No CPI, no confidence: How data paralysis is fueling crypto’s November slide

Anndy Lian
No CPI, no confidence: How data paralysis is fueling crypto’s November slide

The macro landscape this week sits in a state of suspended animation, defined less by new developments than by their absence. At the heart of this inertia is the ongoing US government shutdown, which began on October 1 and has now stretched into its sixth week, becoming the longest in the nation’s history. This institutional paralysis has created a critical data void, most notably delaying the release of the October Consumer Price Index report that was originally scheduled for Thursday, November 13.

The White House has even conceded that this key inflation gauge for October may never be officially released, leaving a permanent blind spot in the economic record. This vacuum of information forces markets to anchor their expectations on whatever data trickles out, elevating the importance of tonight’s release of weekly initial jobless claims, which are expected to show a figure of 218,000 for the week ending November 8.

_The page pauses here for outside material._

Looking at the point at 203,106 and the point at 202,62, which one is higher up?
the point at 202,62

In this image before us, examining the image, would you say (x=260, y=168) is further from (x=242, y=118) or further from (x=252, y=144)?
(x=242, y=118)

In this context of uncertainty, risk sentiment has turned cautious. US equities closed mixed on Wednesday, with the Dow showing modest strength while the tech-heavy Nasdaq declined, a divergence that speaks to a subtle but important rotation within the market. This caution was also evident in the Treasury market, where yields edged lower as investors welcomed tentative signs of progress in Congress toward a resolution that would reopen the government. The 10-year yield’s retreat to 4.06 per cent reflects this flight to safety and a renewed hope for a political compromise. The US Dollar Index, for its part, remained largely flat, closing at 99.47, signaling that traders are in a holding pattern, unwilling to make significant directional bets until the political fog lifts and the next concrete piece of economic data arrives.

The crypto market, however, has been unable to insulate itself from this broader macro malaise. It has fallen a further 0.56 per cent over the last 24 hours, a move that extends a more painful 11.7 per cent monthly decline. This persistent weakness is not a single-factor event but rather a perfect storm of three distinct, reinforcing pressures: a clear pattern of institutional profit-taking, a sharp contagion event in the derivatives market, and an uncomfortably tight correlation with the performance of US tech stocks.

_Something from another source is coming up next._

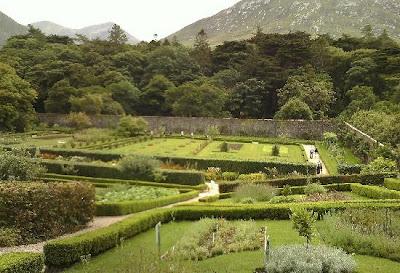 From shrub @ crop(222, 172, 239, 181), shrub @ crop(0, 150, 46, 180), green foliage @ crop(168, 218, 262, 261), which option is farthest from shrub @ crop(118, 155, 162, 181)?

The first of these bearish forces is institutional retrenchment. While spot Bitcoin ETFs have been a major structural support for the market since their launch, their influence has waned in recent weeks. Data from trackers shows a clear trend of capital flight, with the total assets under management for these funds dropping from a recent high of around US$140.7 billion to US$138.9 billion over a single week, a decline of 8.7 per cent. This outflow is more than a simple portfolio rebalance; it signals a deeper shift in sentiment among large, sophisticated players. As the 10x Research CEO warned, a sense of fatigue has set in, driven by Bitcoin’s notable underperformance in 2025 relative to both the soaring price of gold and the resilient gains in the tech-heavy Nasdaq. For institutions that bought the post-ETF approval rally, the current environment offers a compelling reason to trim their exposure and lock in what gains remain.

The second pressure point is a stark reminder of the fragility embedded in the crypto ecosystem’s leverage. The US$63 million liquidation cascade on the Popcat memecoin, centered on the Hyperliquid exchange, was not an isolated incident but a canary in the coal mine. This single event triggered a broader wave of deleveraging across the entire crypto market, evidenced by a 14.7 per cent drop in total open interest. This is the process of overextended, speculative positions, particularly in the volatile altcoin sector, being forcibly closed out, creating a self-reinforcing cycle of selling that spills over into the entire asset class. The subsequent cooling of perpetual funding rates, which fell by 41 per cent in just 24 hours, confirms a sharp and sudden reduction in speculative appetite. The market is in a defensive crouch.

The third and perhaps most inescapable headwind is crypto’s persistent and powerful link to traditional equities, specifically the Nasdaq-100. The market’s 24-hour price action has shown a correlation of 0.88 with the Nasdaq-100, its strongest link to the index since March 2025. This statistic is a powerful testament to the fact that, for all its claims of being a separate, uncorrelated asset, crypto remains a risk asset first and foremost. Its fate is now inextricably tied to the same macro forces that move the markets for Apple, Microsoft, and Nvidia. Therefore, any pre-market weakness in the Nasdaq, such as the 1.2 per cent drop seen on Thursday, driven by fears over sticky inflation and a more hawkish Federal Reserve, will inevitably be mirrored in a retreat across the crypto board.

In conclusion, the market’s current malaise is a confluence of its own internal dynamics and the external macroeconomic environment. The derivatives market is in a state of recovery from its recent squeeze, with perpetual funding rates having turned slightly positive again at plus 0.0014 per cent. However, this technical stabilisation is overshadowed by a collapse in market confidence, as evidenced by the Fear and Greed Index plunging into the Extreme Fear territory at a reading of 25.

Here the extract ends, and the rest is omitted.